2. Automatic Speech Recognition (ASR)
The technological process of converting speech signals into machine-readable text representations.
3. Natural Language Processing (NLP)
The computational techniques for analyzing, understanding and generating human language.
4. Voice Command
A spoken instruction that can be recognized and processed by voice-enabled systems.
5. Artificial Mouth
Also known as simulated mouth: A high-fidelity audio playback device that plays voice commands, replacing human voice as a standardized test sound source.
6. Recognition Rate
The percentage of correctly recognized voice commands out of the total commands tested on the speech module.

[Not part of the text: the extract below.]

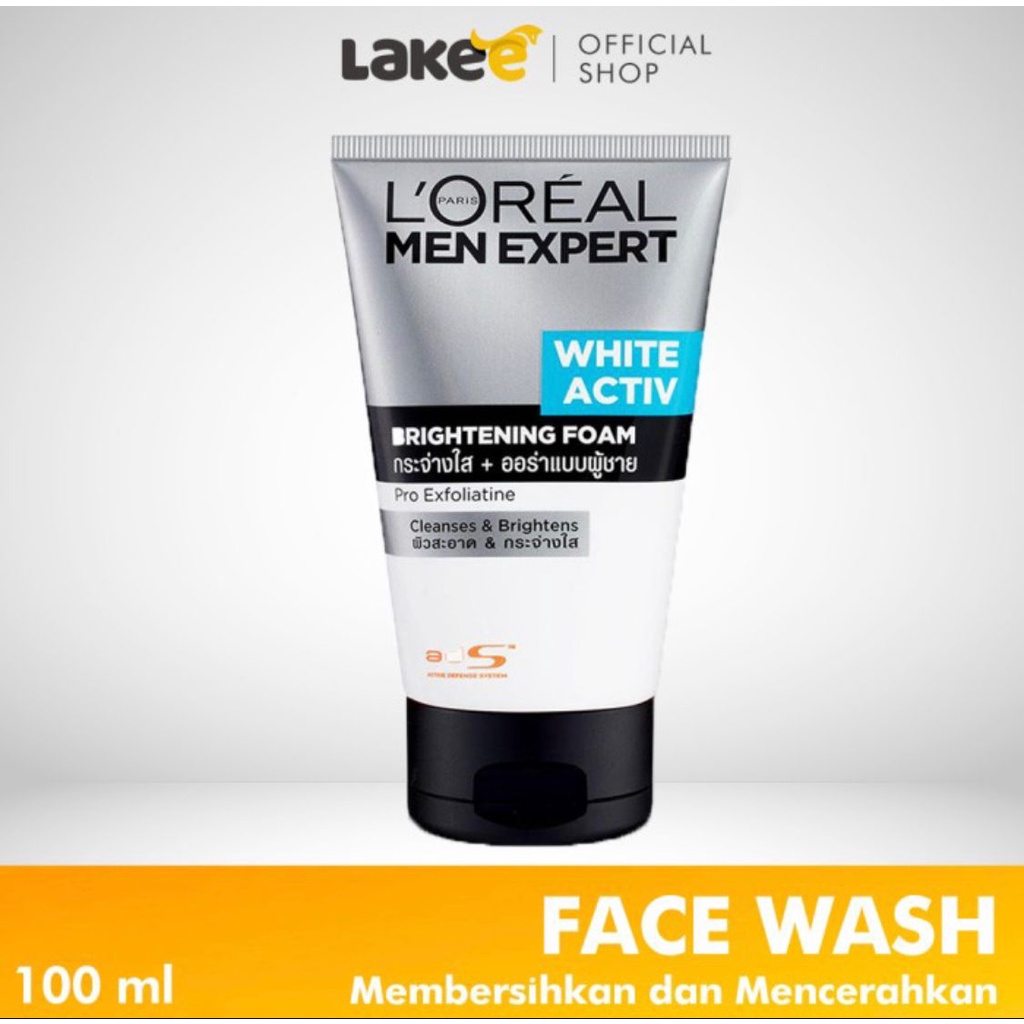 Jual Loreal Men White Active Brightening Foam Face Wash 100ml Shopee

7. False Recognition Count
The frequency of incorrect recognitions by the speech module during simulated real-world usage scenarios over a specified time period.
8. False Wake-up
An unintended activation of the wake-up system occurring when: 1. No audio stream is present, or 2. The audio stream lacks wake-up features/events
9. Signal-to-Noise Ratio (SNR)
The power ratio (in decibels) between: - Voice command signal - Ambient noise
10. Residential Environment
The operational setting for voice modules, including: - Bedroom - Living room - Kitchen - Bathroom - Balcony
11. Quiet Environment
Defined as operational environments with ambient noise levels between 25dB-45dB.

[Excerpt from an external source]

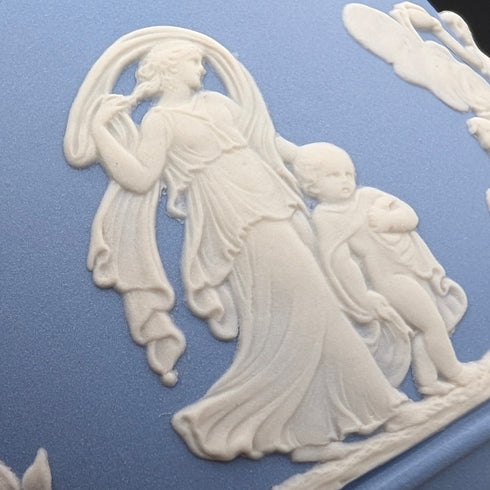 Vintage British Wedgwood Jasperware cup and saucer in pale blue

12. Moderate Noise Environment
Defined as operational environments with ambient noise levels between 55dB-65dB.
13. High Noise Environment
Defined as operational environments with ambient noise levels between 65dB-80dB.

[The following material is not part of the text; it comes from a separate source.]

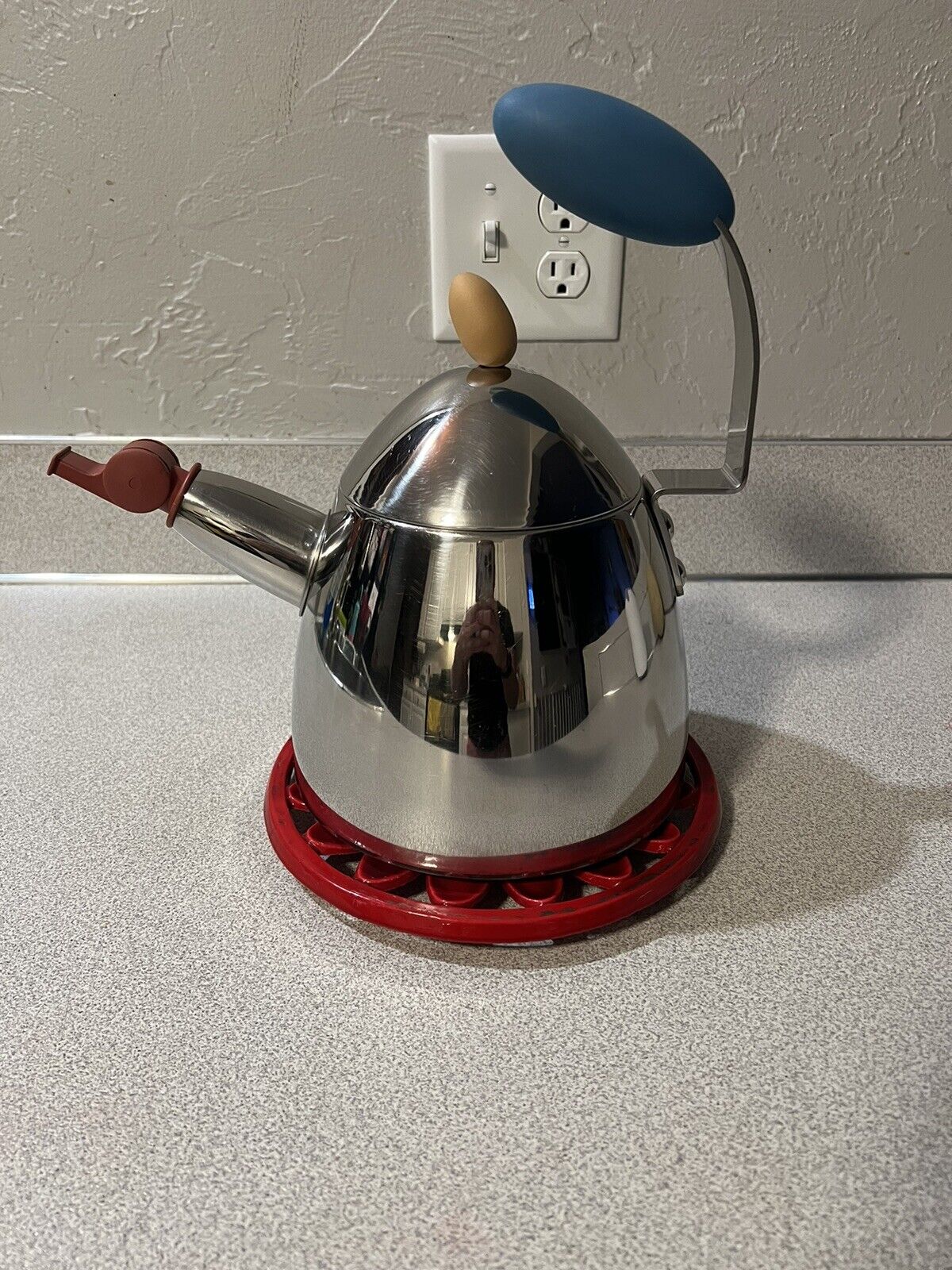 Vintage Michael Graves Stainless Steel Tea Kettle with Whistle Spout Teapot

14. Mechanical Noise in Voice Modules
Noise generated by: 1. Component vibration during operation 2. Friction/impact between mechanical parts 3. Integrated mechanical components in voice recognition systems
Categorized by source: - Aerodynamic noise - Mechanical noise - Electromagnetic noise
15. Background Noise
Noisy background noise refers to the background voice or quasi human voice (such as the noisy voice in the venue and shopping mall environment) or the disturbing sound played by other audio devices other than the voice module, such as the sound from music, news, television and movies.
16. Echo Noise
Echo noise refers to the sound played by the voice module through its own speaker, which interferes with the speech recognition results.
17. Reverberation Noise
The voice received by the voice module after the target speaker’s voice is reflected by a smooth surface (such as a wall or object surface).
18. Environmental Noise
The environment of voice module contains background noise and reverberation, in which the background noise often contains one or more noise sources. For example, the kitchen environment also has the voice of the range hood and cooking; In the bathroom environment, there are wind noise, shower water noise and voice reverberation reflected by smooth walls; The living room environment has voice, TV and other sounds at the same time; The balcony environment has wind noise and outdoor noise (such as vehicle speaker voice, etc.) at the same time; There are engine noise and road noise in the vehicle environment.
19. Test Audio Data
Non training set audio instruction set for speech test.
20. Noise Audio Data
A set of noisy audio for voice testing.
21. Operation
The voice module is in functional operation.
22. Not in Operation
The voice module is not functioning.
23. Voice Prompt Mode
The voice module is actively playing back audio prompts or responses.
24. Non-Voice Prompt Mode
The voice module is in a silent state with No broadcast.
25. Wake-up Words
Special phrases that activate the voice recognition system, allowing it to respond to subsequent commands.
26. Command Words
The complete set of all voice commands recognized by the system, including both wake-up phrases and operational instructions.
27. Microphone Array Configurations
Voice modules can utilize various microphone array configurations:
- By Quantity:
- Dual-microphone array (2 mics)
- Quad-microphone array (4 mics)
- Hex-microphone array (6 mics)
-
Octo-microphone array (8 mics)
-
By Geometry:
- Linear array (microphones in a straight line)
- Circular array (microphones arranged in a circle)
- Planar array (2D microphone arrangement)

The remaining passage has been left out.